Daily Meditations on the Rule of Saint Benedict: Prologue 8-13

To be read: January 3, May 3, September 3

Let us then rise at long last, since the Scriptures rouse us, saying: “It is now the hour for us to rise from sleep”(Rom 13:11); 9and having opened our eyes to the light that comes from God, let us hear with our ears what the divine voice admonishes us, crying out daily: 10“Today, if you would hear his voice, harden not your hearts”(Ps 94[95]:8). 11And again: “He who has ears to hear let him hear what the Spirit says to the churches”(Rev 2:7). 12And what does He say?—“Come, children, hearken unto me, I will teach you the fear of the Lord”(Ps 33[34]:12). 13“Run while you have the light of life, that the darkness of death may not overtake you”(Jn 12:35)

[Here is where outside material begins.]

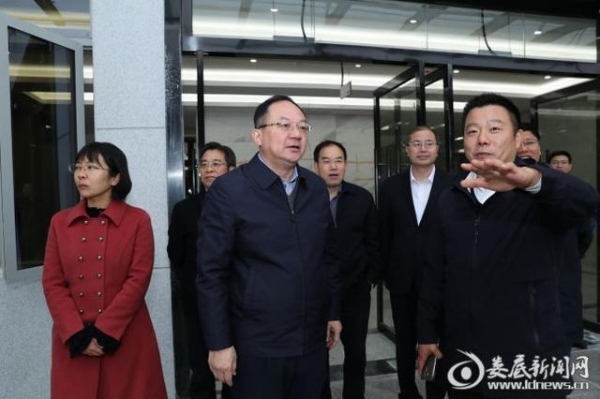 杨懿文调研市外贸服务中心（娄底海关）建设工作-1.jpg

Benedict returns to the theme of listening.  “It is now the hour for us to rise from sleep…” (Rom 13:11).  The sense given in these verses is that we have been asleep at the wheel, so to speak, and the life God intends for us is passing us by.  It is time to wake up, because God has more for us.  And so, Benedict alerts us and calls us to “open our eyes to the light” and “let us hear with our ears.”  For he says that God calls out from heaven to us every day (v. 9).  Benedict has laid down a challenge for us to grow in constant awareness of our Lord’s Presence and His grace.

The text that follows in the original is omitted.